**Instructions to follow**
Write the data below out again in full, exactly as shown.
───── Entries shown
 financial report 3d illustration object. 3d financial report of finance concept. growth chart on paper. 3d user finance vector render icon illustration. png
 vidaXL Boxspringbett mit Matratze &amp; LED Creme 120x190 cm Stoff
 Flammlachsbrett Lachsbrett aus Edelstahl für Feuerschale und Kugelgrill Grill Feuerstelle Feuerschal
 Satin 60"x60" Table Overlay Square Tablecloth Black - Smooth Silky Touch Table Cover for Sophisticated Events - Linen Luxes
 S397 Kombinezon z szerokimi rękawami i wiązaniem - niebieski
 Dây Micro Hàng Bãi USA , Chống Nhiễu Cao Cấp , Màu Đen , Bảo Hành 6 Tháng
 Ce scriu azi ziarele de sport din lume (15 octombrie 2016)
──────────
**Solution for this problem**
 financial report 3d illustration object. 3d financial report of finance concept. growth chart on paper. 3d user finance vector render icon illustration. png
 vidaXL Boxspringbett mit Matratze &amp; LED Creme 120x190 cm Stoff
 Flammlachsbrett Lachsbrett aus Edelstahl für Feuerschale und Kugelgrill Grill Feuerstelle Feuerschal
 Satin 60"x60" Table Overlay Square Tablecloth Black - Smooth Silky Touch Table Cover for Sophisticated Events - Linen Luxes
 S397 Kombinezon z szerokimi rękawami i wiązaniem - niebieski
 Dây Micro Hàng Bãi USA , Chống Nhiễu Cao Cấp , Màu Đen , Bảo Hành 6 Tháng
 Ce scriu azi ziarele de sport din lume (15 octombrie 2016)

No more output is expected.